What types of businesses are eligible for a business owner’s policy?
Insureon specializes in small business insurance for numerous industries. Low-risk businesses with fewer than 100 employees are typically eligible for a BOP.
Our insurance specialists have helped more than 200,000 businesses, including:
Building design professionals
Construction workers and contractors
Finance and accounting professionals
Information technology companies
Photo and video professionals
Real estate professionals
Business owner’s policy requirements and coverages
Is a business owner’s policy required by law?
A BOP consists of general liability insurance and commercial property insurance. Neither policy is required by law. However, many of the people you do business with will likely have general liability insurance requirements. You may need this policy if you want to sign a client contract with these requirements. Proof of general liability coverage is also required to apply for certain professional licenses.
Additionally, many commercial landlords require tenants to purchase commercial property insurance. A landlord might ask to see proof of coverage before you can sign a lease.
How much BOP coverage do I need?
The amount of BOP coverage you need depends on factors such as the type and size of your business, number of employees, and the type of customers you typically work with. However, many small businesses opt for the standard $1 million / $2 million small business policy. This means the policy will pay up to $1 million to cover any one claim, with a $2 million limit for the lifetime of the policy, which is typically one year.
Can I add non-owned auto insurance to my policy?
Consider purchasing non-owned auto insurance if your employees regularly drive their personal vehicles for business purposes, such as running work errands or traveling to meet clients. This coverage can typically be added to your business owner’s policy.
Does a BOP cover independent contractors?
A business owner’s policy covers you and your employees, but typically does not include independent contractor insurance coverage. You can either add contractors to your policy on a temporary basis as an additional insured, or require them to purchase their own general liability insurance for contractors policy.

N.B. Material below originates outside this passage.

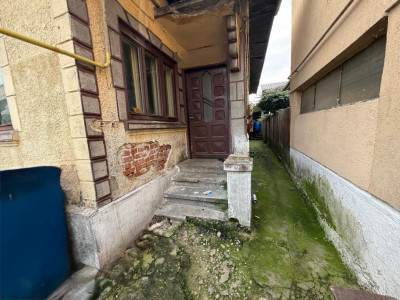 Teren 170 mp + Constructie demolabila, Craiova, Lascar Catargiu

What coverage does a business owner’s policy provide for social media risks?
The general liability portion of your BOP includes what's known as advertising injury coverage. It provides protection for lawsuits related to libel, slander, and invasion of privacy, as well as copyright or brand infringement. That means if you are sued for writing something negative about a competitor on social media, you're covered.
Business owner’s policy changes and claims
What happens if I need to buy more insurance later?
It’s easy to add insurance at a later date. Your insurance agent can adjust the coverage amount on an existing policy, and also provide assistance if you need to purchase additional policies.
What happens if I cancel my policy?
If you cancel your policy early, you run the risk of paying more for coverage down the road. Insurance companies typically charge higher rates to businesses that start and stop coverage. You also leave your business exposed to potential risk if you cancel your coverage.
How do I make a general liability or property insurance claim on my BOP?
To make a general liability claim or a property insurance claim, simply call your insurance provider. Your agent will ask you to provide a description of the incident and basic information such as your name, the business name, and your policy number. Your insurance agent can guide you through the process and provide answers to any additional questions.
Learn more about general liability claims and lawsuit examples.
Compare a business owner’s policy with other policies
Business owner’s policy vs. professional liability
A business owner’s policy offers protection if a third party sues you over a physical injury, property damage, or an advertising injury (libel or slander). Professional liability insurance covers you if you are sued by a client who claims you made a professional mistake that resulted in financial loss. Almost every business owner could benefit from a business owner’s policy. Your type of business will determine if you need a professional liability policy. Read more about professional liability.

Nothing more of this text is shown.